◆ Your task:
Set down without change every line from the line that contains "5200 W Rowland" through the end of the listing, and only those lines. No pictures.

◆ Data provided:
····················
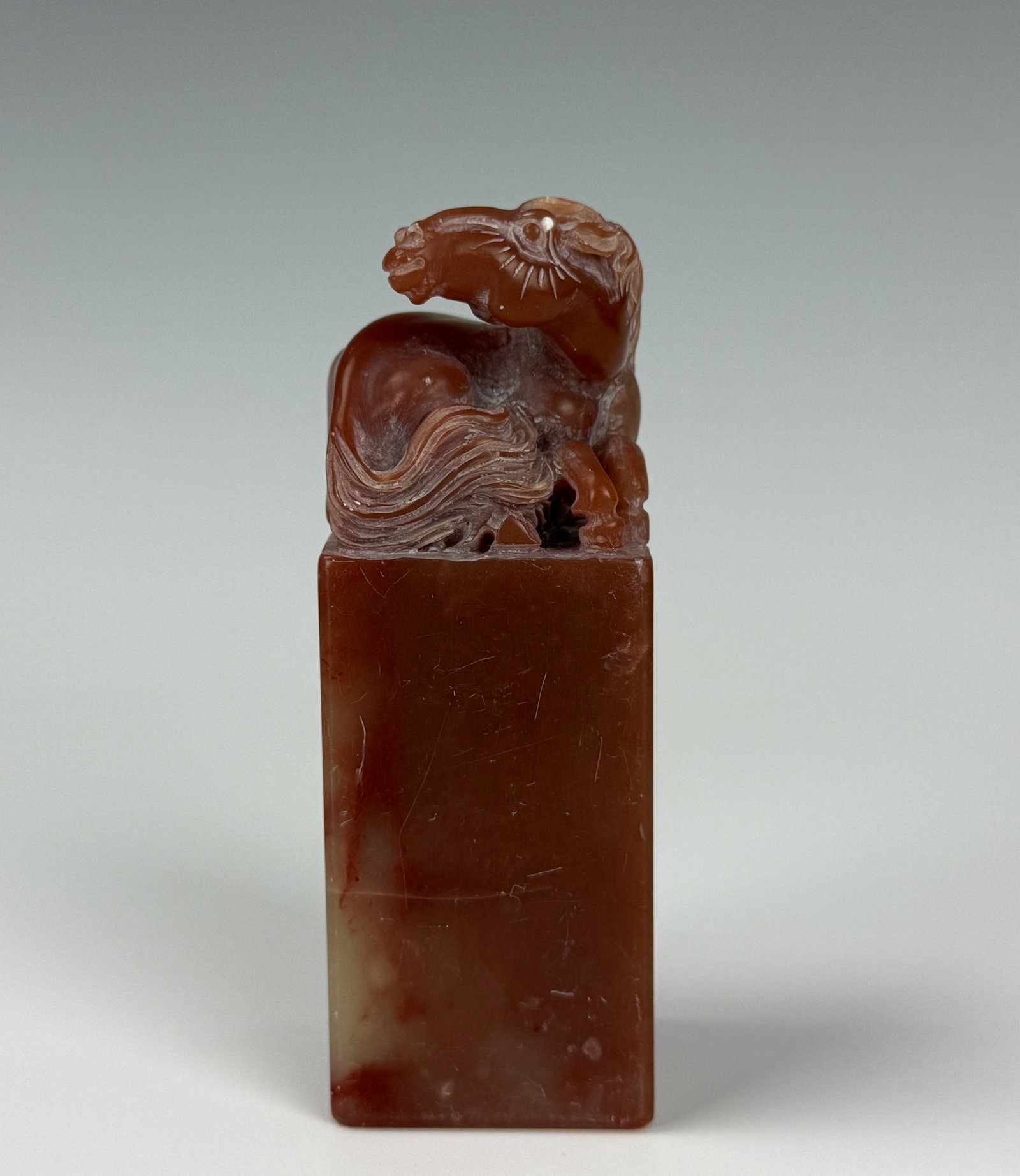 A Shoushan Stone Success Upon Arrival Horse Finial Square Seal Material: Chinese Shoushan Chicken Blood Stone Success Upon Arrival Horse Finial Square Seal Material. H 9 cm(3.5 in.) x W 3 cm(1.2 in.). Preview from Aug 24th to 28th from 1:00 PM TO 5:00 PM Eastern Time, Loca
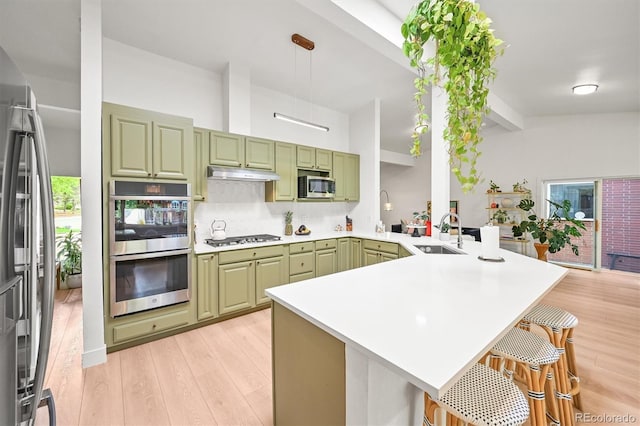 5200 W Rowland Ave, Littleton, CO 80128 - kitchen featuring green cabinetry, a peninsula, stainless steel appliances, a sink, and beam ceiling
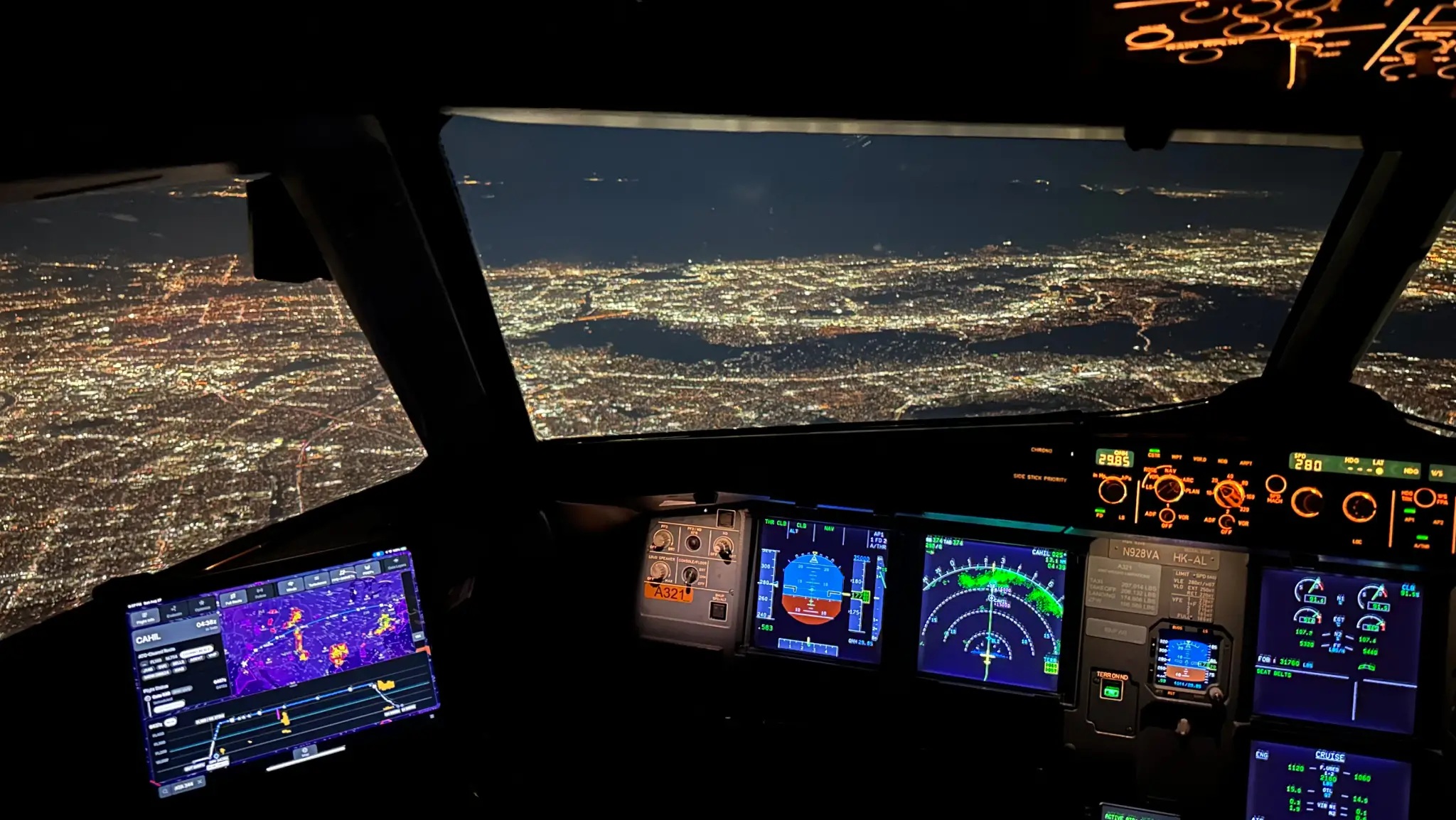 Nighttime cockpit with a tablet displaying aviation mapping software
····················
◆ Result of the task:
 5200 W Rowland Ave, Littleton, CO 80128 - kitchen featuring green cabinetry, a peninsula, stainless steel appliances, a sink, and beam ceiling
 Nighttime cockpit with a tablet displaying aviation mapping software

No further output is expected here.